Tuesday, February 12, 2013

Tony Kushner

After my mother died, in 1990, I felt a kind of bafflement. There is simply no way to comprehend the vanishing of this person. The first night after the funeral, I had a dream—it was raining outside and she was sitting on her grave in her nightgown, just getting soaked to the skin, and I had to go and find the cemetery. I think that’s how I came up with the idea of the homebody disappearing.
-Tony Kushner, Paris Review


When I’m writing a new play, there’s a period where I know I shouldn’t be out in public much. I imagine most people who create go through something like this. You willfully loosen some of the inner straps that hold your core together. You become more porous and multivalent and multivocal, so that the multitudes you have inside yourself can start to get up and walk around and emerge. Then, hopefully, you put them back into the cave. But to really play Linda Loman, you have to go there every night. So you live in a state, I would imagine, of permanent looseness in the core, which I find frankly terrifying.

I’ve become close friends with very few actors. They are of course dazzling people and I need them to do my work. When I meet a new actor with whom I want to work, it’s like discovering a new color. But I’ve always had an instinct of maintaining a certain distance from actors, because I find them uncanny and unnerving.
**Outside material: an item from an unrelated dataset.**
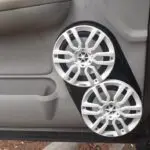 Front Door Custom Speaker Pods for the 2007-2009 Cadillac Escalade Chevrolet Avalanche Tahoe Silverado Suburban GMC Yukon Sierra to hold Dual 8.0 in  speakers for car audio installation upgrade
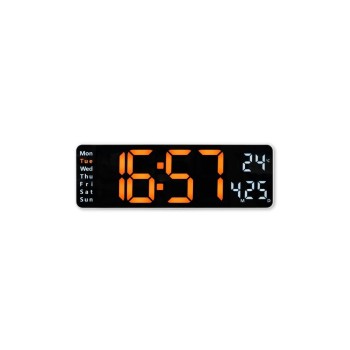 Hama Digitale Wanduhr Santa Cruz,, Thermometer, grosses Display, Fernbedien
Sometimes a phony-baloney actor will hoodwink the public for decades, but the actors we really revere aren’t kidding around when they act. They suffer. Part of what we are paying to see when we go to the theater is suffering. We want to see actual suffering. There’s a certain Christ-like thing going on—the actors are suffering so we don’t have to.
-Tony Kushner, Paris Review


When you’re just starting to write a play, you don’t know who these people are, so you just have to listen. They’re singing a song through you, and if you can hear their melodies, then you have something to start to work with.
-Tony Kushner, Paris Review


But production is also the great thing about being a playwright. When your work is reasonably close to completion, you get to go into a room full of wonderful people who will then help you continue to write your play. The solitude of novelists and poets and nonfiction prose writers is a terribly frightening thing for me to contemplate. Actors and directors make my life so much easier, and even sometimes happier. The only problem is that, as my friend George Wolfe always says, a playwright has to be able to know when it’s time to leave the party. Rehearsal rooms are hotbeds of suffering and agony and joy and sex, or at least eroticism and excitement, and you can get very caught up in them. It’s hard to leave and go back and be alone with a blank page. This is something that every writer, playwright or otherwise, goes through. But as a playwright I don’t think you quite develop the same talent for solitude that poets and novelists do.

I wish I were a poet

. . . it’s the most important writing. The greatest writers are the great poets. When you bury your head in poetry, it has all the mind-exploding power of serious philosophy, but it’s also music. As a child of musicians, I find rhythm and melody very important.
-Tony Kushner, Paris Review


I found a line in Glenway Wescott’s journals that’s become my mantra - “A day’s work every day now. Now, now, now!”